Well, things fell apart.
The sweetest, most wonderful baby girl was born. We received a phone call telling us so just hours after she entered the world. The social worker said on the phone that the baby's mother was doing well. Incarcerated, she had given birth quickly and alone, with no one but the hospital staff and a prison guard at her side, as is mandated by the law. We had not been allowed to be present at the hospital or even know that the birth had happened until we received the social worker's call. When she finally called, we were instructed that, although we had permission to come to the hospital and spend time with the baby, we could not visit, talk to, or even see her mother. And all of this, with heavy hearts, we did already know.

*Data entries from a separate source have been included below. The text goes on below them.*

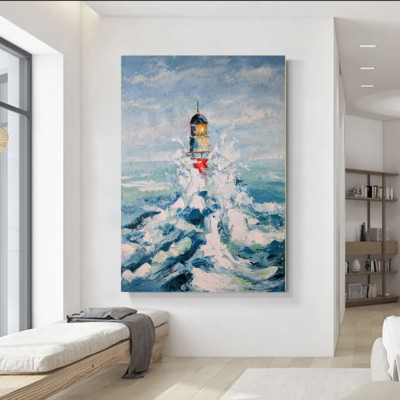 Meer, Leuchtturm ,Acrylgemälde,Seelandschaft, Original, Handgemalt, Modern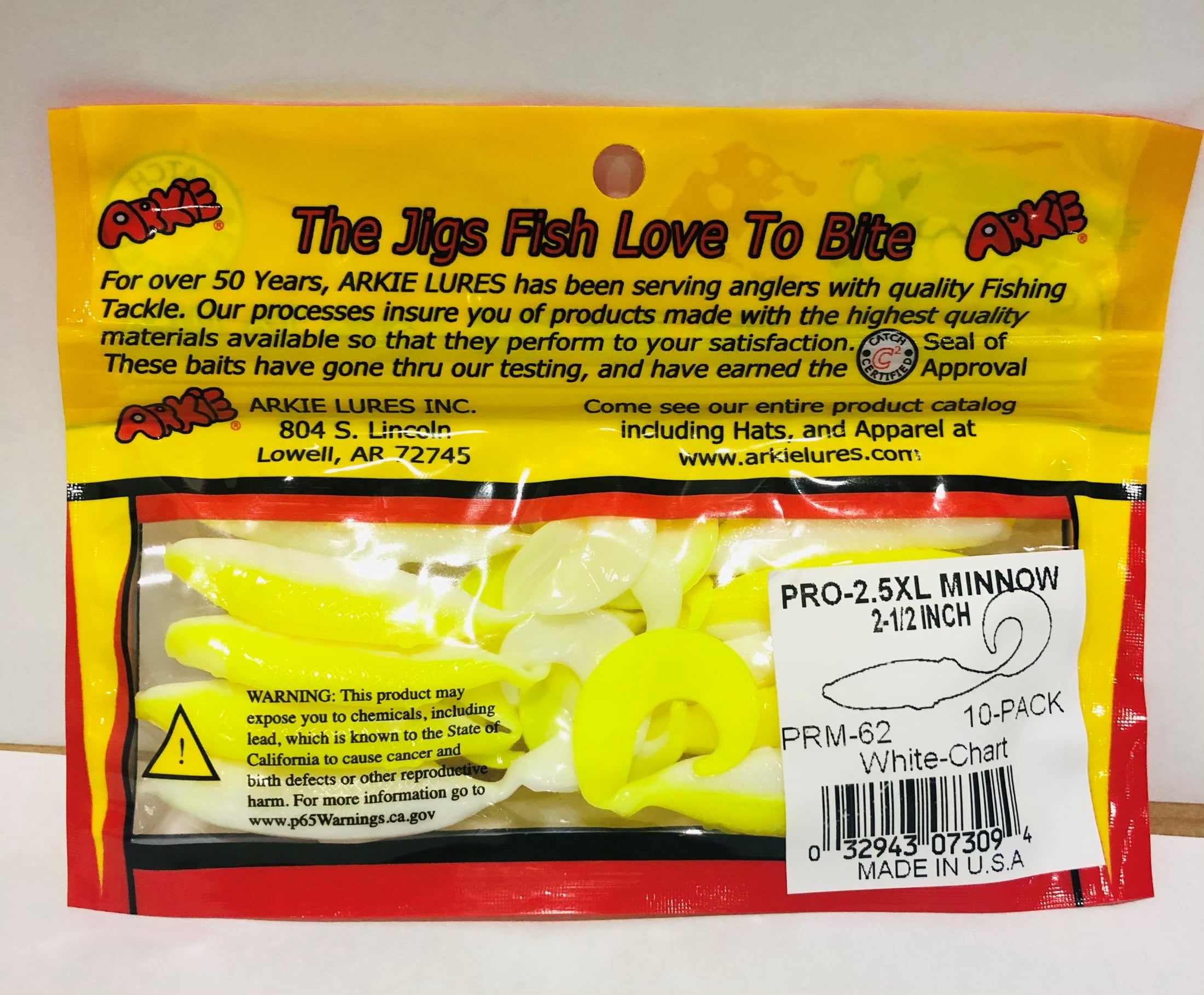 Arkie Lures Pro Model Soft Curl Tail Minnow, Color White/Chartreuse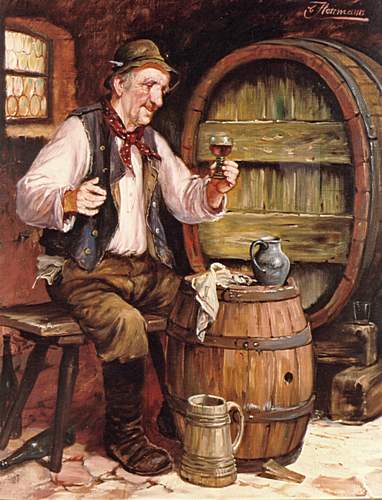 Kunstmaler Conrad Herrmann: Weinprobe
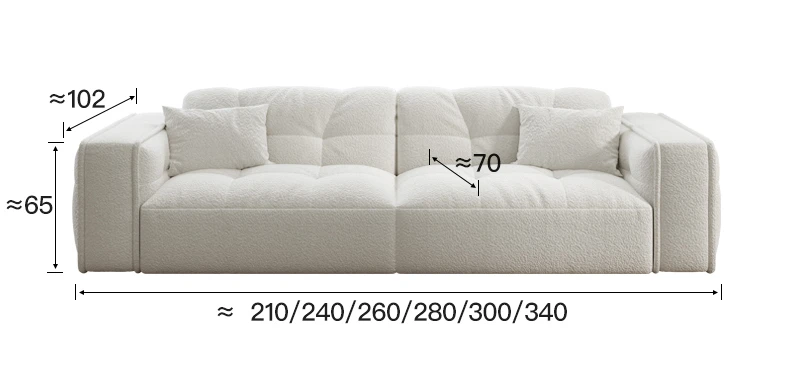 

French fabric sofa living room, modern and minimalist small unit layout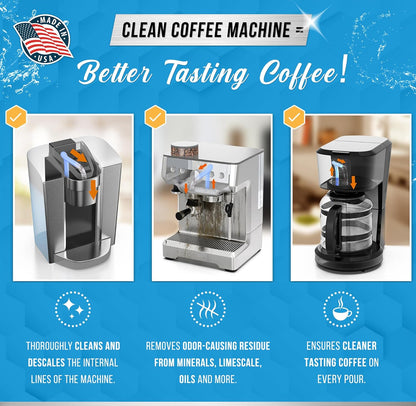 Coffee Machine Cleaner Descaler Tablets - 24 Count, Compatible With Nespresso, Keurig, Ninja, Delonghi, Miele, Coffee Maker Pot Descaling & Cleaning Tabs, Descale Drip Coffe And Espresso Machines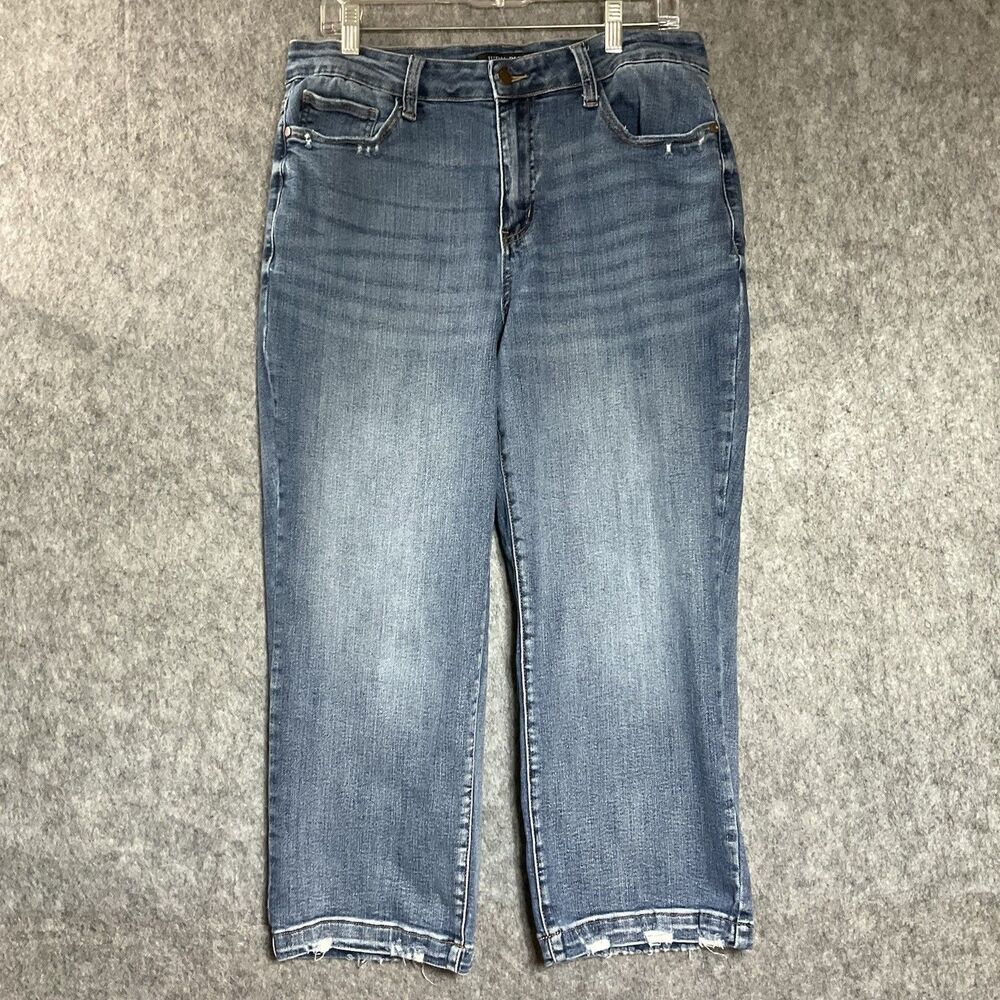 Judy Blue Jeans Womens 14W Blue Denim Pockets Stretch High Rise Distressed 34x23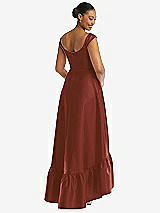 Rear View Thumbnail - Auburn Moon Cap Sleeve Deep Ruffle Hem Satin High Low Dress with Pockets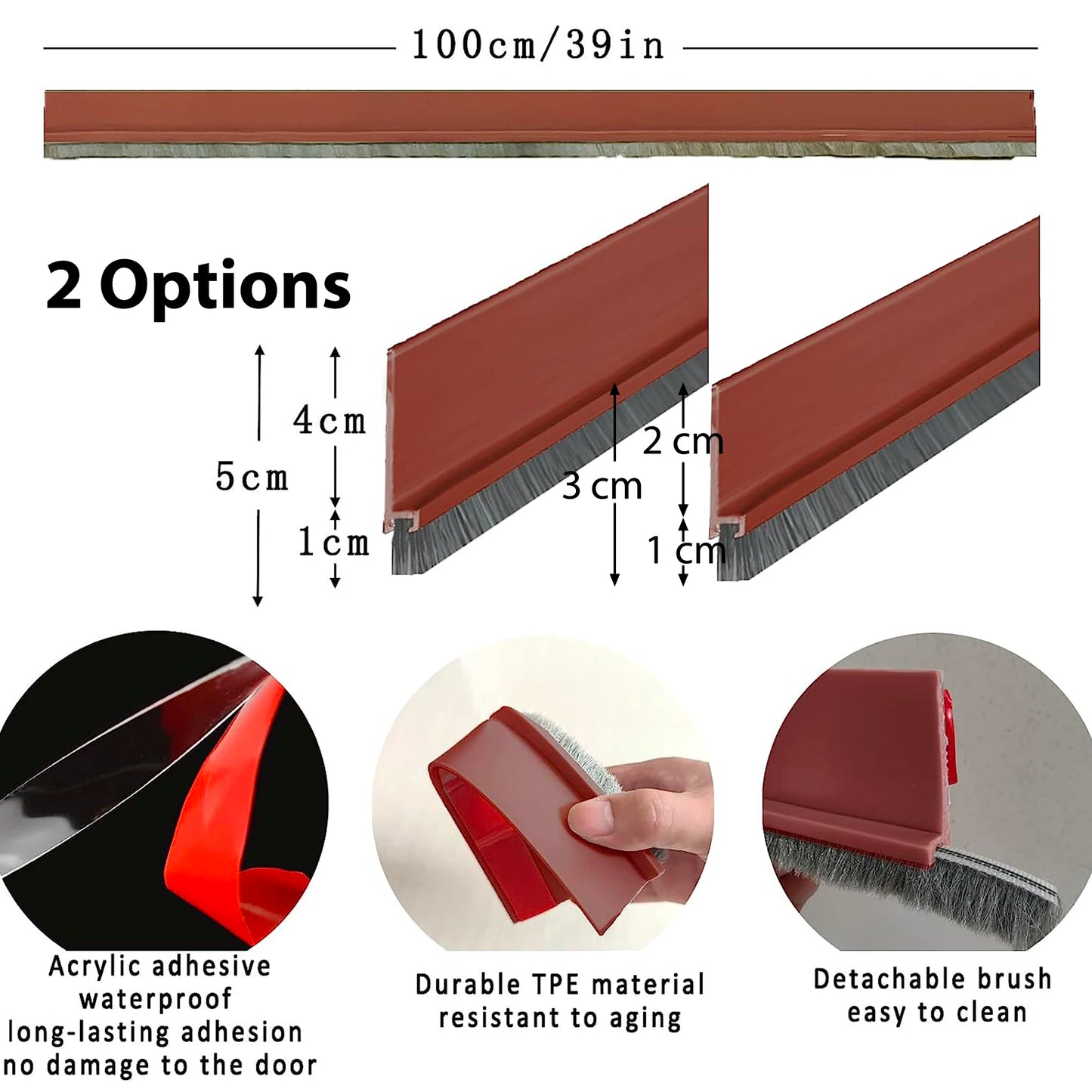 Door Seal Draft Stopper with Brush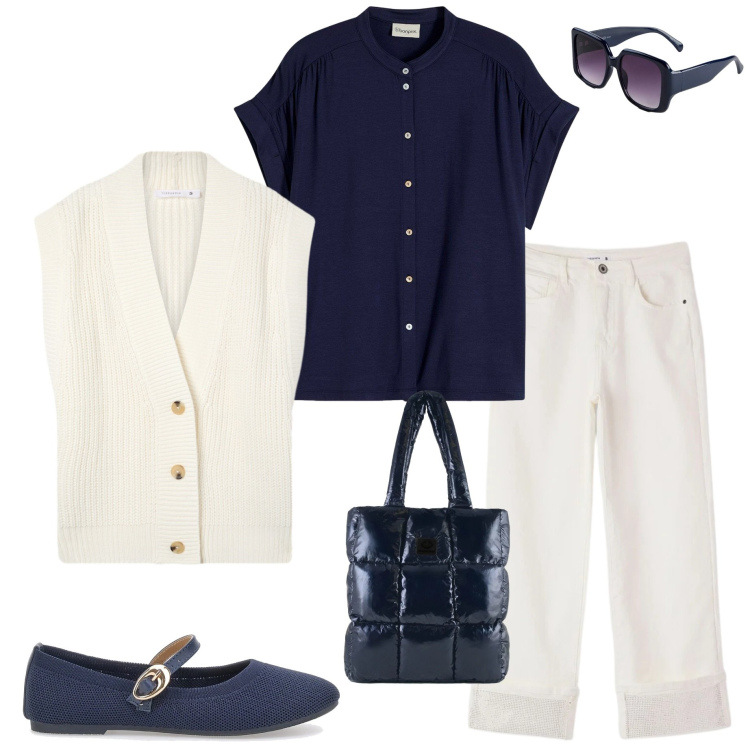 Outfit donna - Bianco e blu. Stile Casual chic per Ufficio. Abbinamento con camicie, occhiali da sole, gilet, jeans, shopping bag, ballerine.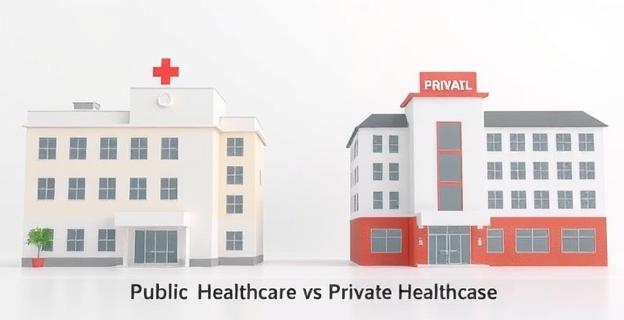 Imagen de un hospital público y uno privado enfrentados, con un titular que dice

We had met the baby's mother back in August, when a reader of this blog sent me an email and told me that a friend of hers who is an adoptive mother had received a letter from her daughter's birthmother that day. Her daughter's birthmother, who was in prison, was writing to say (among other things) that she had met a young woman there who was six months prgenant and looking for a loving home for her baby. The adoptive mother did not know of anyone personally, but that day she asked my blog reader, her good friend, whether she knew of anyone who was hoping to adopt, and the blog reader said yes, well . . . no . . . well, it's weird, I kind of know them: Andy and Alicia. I read their blog.
We wrote to the baby's mother immediately. A week later we received from her the most poignant and beautiful letter I have ever seen, full of her hopes and dreams for her daughter. We wrote back and told her ours. The fit was perfect. Within weeks we were headed to the prison to meet her. In the gray visitors' room at the correctional center, she walked toward us with a shy smile. We fell in love with her immediately. I believe the feeling was mutual. We stayed for hours and hours. She didn't want us to leave. We didn't want to go.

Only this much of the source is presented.